I guess I could take the matter up with Charlie, but he's not the one who's telling me that there's a security problem with my original design choice; you are. This seems to be getting more confrontational than I expect either of us really intends, so let me try to back up a bit.
Maybe it's the way you're phrasing things, and maybe it's just me, but when you wrote, "Unfortunately you have totally missed the point of the first article", it set me off a bit, largely because it's simply factually incorrect. The point of the first article, by its terms, was how to password-protect a subdirectory of an ibay--that was the stated "problem" to which it provided a solution. What "how-to" was in that article, I didn't need--I know how to make a custom template fragment, and I know how to incorporate the appropriate directives in httpd.conf. Yes, there were two sentences identifying purported security issues with using .htaccess, and one phrase (part of those two sentences) stating that .htaccess was disabled by default in SME Server. Perhaps those two sentences were
your point in providing the link, and if so, I did miss that. Certainly if I'd read more carefully, I might have noticed that information the first time. If you'd posted, ".htaccess is disabled by default in SME Server for security reasons, see
http://wiki.contribs.org/Htaccess for another way to implement it", that likely would have helped as well. I've since made some edits to that page that I think clarify the fact that .htaccess is disabled, and discuss some of the broader applications of the page.

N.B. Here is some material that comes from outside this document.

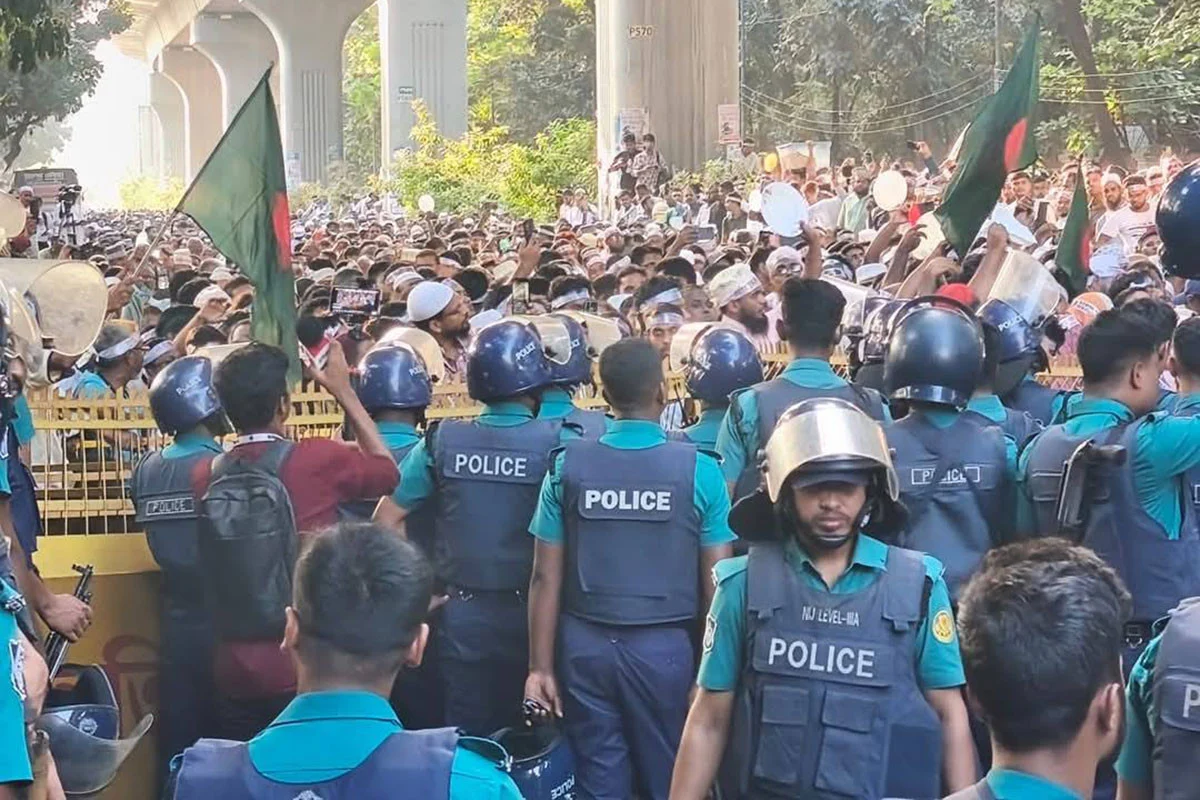 থালা-বাসন নিয়ে এমপিওভুক্ত শিক্ষকদের ভুখা মিছিল, আটকে দিল পুলিশ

I can accept that there's a marginal security gain in disabling .htaccess files system-wide. I haven't yet found evidence that it's a significant gain--my web searching hasn't found much at all discussing security problems related to enabling .htaccess files--but since it can remove some control over Apache security from the admin, and give it to users who may not know what they're doing, it's reasonable to believe it would be more secure to disable them, and retain security control with the admin (who hopefully knows what he or she is doing).
But at the end of the day, whether I believe it's a security issue or not, it comes down to the fact that .htaccess is disabled by default. To do the kind of access control I want to do, I need to either add a config database entry or create a custom template fragment, and either of those would need to be (or, at least, should be) manually removed if/when Joomla is removed.